In between rendering Supreme Court services he was
Secretary of State (1921-25), among other things. And there’s more. Suffice it
to say for now that Hughes was a paradigm of what Anthony Kronman, called the
“lawyer-statesman” in his brilliant and now classic 1993 study of legal ethics
and excellence, THE LOST LAWYER.  (It
looks like before Justice Hughes went to join the faculty of the Cornell Law
School he practiced at a law firm with the name “Cravath” in it, so he may have
been a predecessor law firm to the now Cravath, Swaine and Moore a 200 year old
paradigmatic “blue stocking” New York firm. For a bit more on Justice Hughes public life, see the “Post Script” at the end.


Cast of
Lawyer Characters: Van Slyke


The lawyer for the Hopkins, apparently all the way
through was Warren C. Van Slyke.  He was
not as famous a lawyer as Hughes or one rendering such notable public service. However, in some of the literature he is called “a prominent New York lawyer.”

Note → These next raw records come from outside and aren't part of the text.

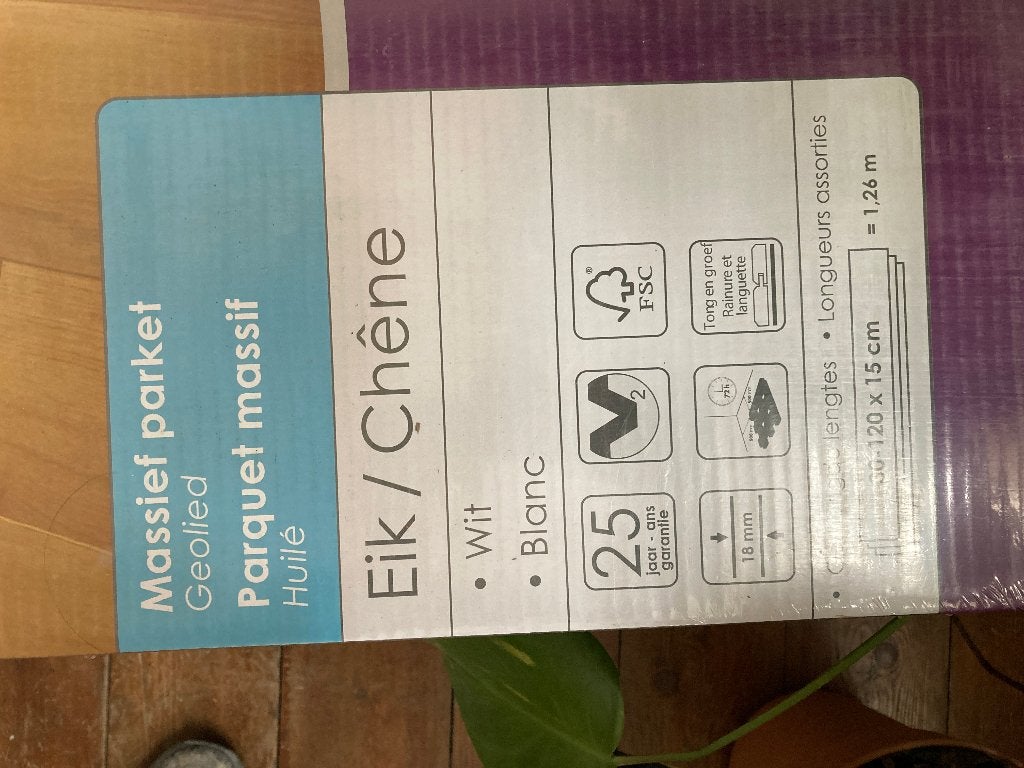 Massief eiken parket, nieuw., Nieuw, 5 tot 10 m², 10 tot 30 cm, Hout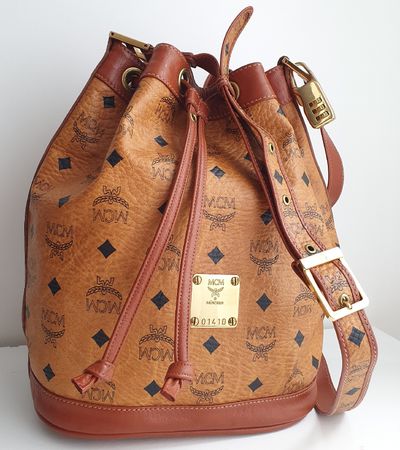 MCM Beuteltasche Medium Cognac Canvas.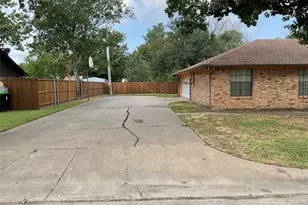 504 S Kirby St, Pilot Point, TX 76258 - Photo 27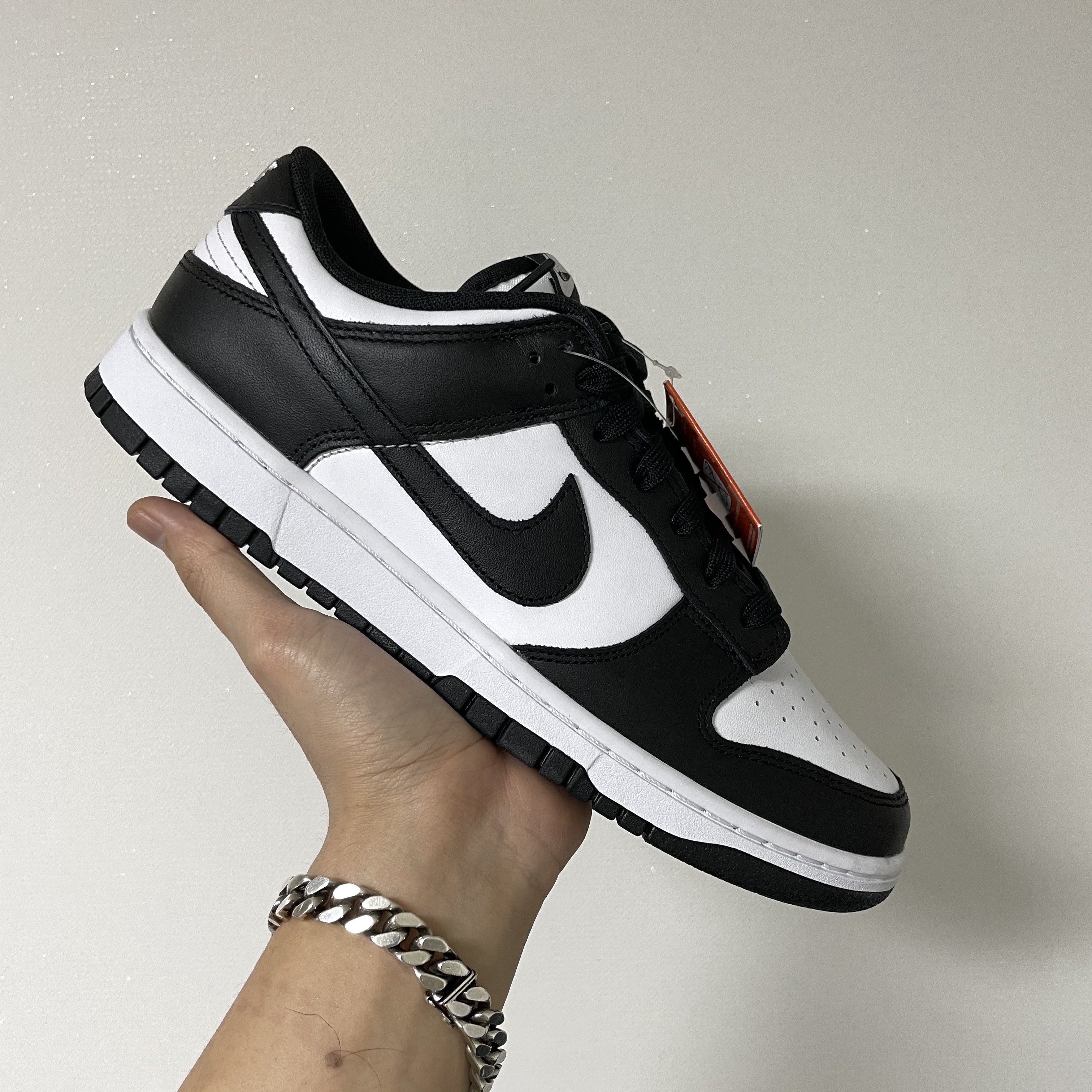 Nike Dunk Low Retro Black 착용 스타일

More significantly from an historical point of view, he
married, as her third husband, one Ruth Coles. Before marring Van Slyke, she had
inherited a substantial sum property on Fox Mountain above Le Grande Lake. Her
second husband was building an estate there, and it was named “Foxcroft.” The
name has stuck. Warren and Ruth lived on Long Island, during which period of
time he argued at least a few Lusitania cases. (During WWI, he had been
assistant to the chief of naval intelligence.) After Warren’s death in 1925,
Ruth lived on Foxcroft full time.  After
her death, the estate has an unrelated history of decline, but eventually became
an informal tourist “Mecca,” for those who like to walk in the more-or-less
woods and see Manhattan buildings off in the distance. Part of the property was
and still is called the “Van Slyke” castle—hence, the story told her.  (It may be that the Castle is located on property in the Ramapo Mountains. I am not sufficiently familiar with the geography of Northern New Jersey to be sure.)


Come
Facts


This case involves an “accident policy” issued by
Connecticut General Life, the insurer, to Albert L. Hopkins (“ALH”) the husband
of May Davies Hopkins (MDH). She was the beneficiary under the $40,000 policy
and the plaintiff in the underlying case. It insured ALH for death caused by
the “burning or wrecking of a vessel on which he was a passenger.” The policy
was purchases on April 29, 1905, just a few days before the Lusitania sailed
with ALH on board, and—you guessed—ALH was killed.


Attached to the policy, unfortunately was a “rider,”
aka an endorsement that set forth war risk exclusion. It was attached to the
policy and the policy could be delivered to ALH only if he agreed to the rider,
and that agreement was to the effect that “the policy would not cover any loss
caused directly or indirectly by an act of the belligerent nations engaged in
the present European War.” ALH signed the rider.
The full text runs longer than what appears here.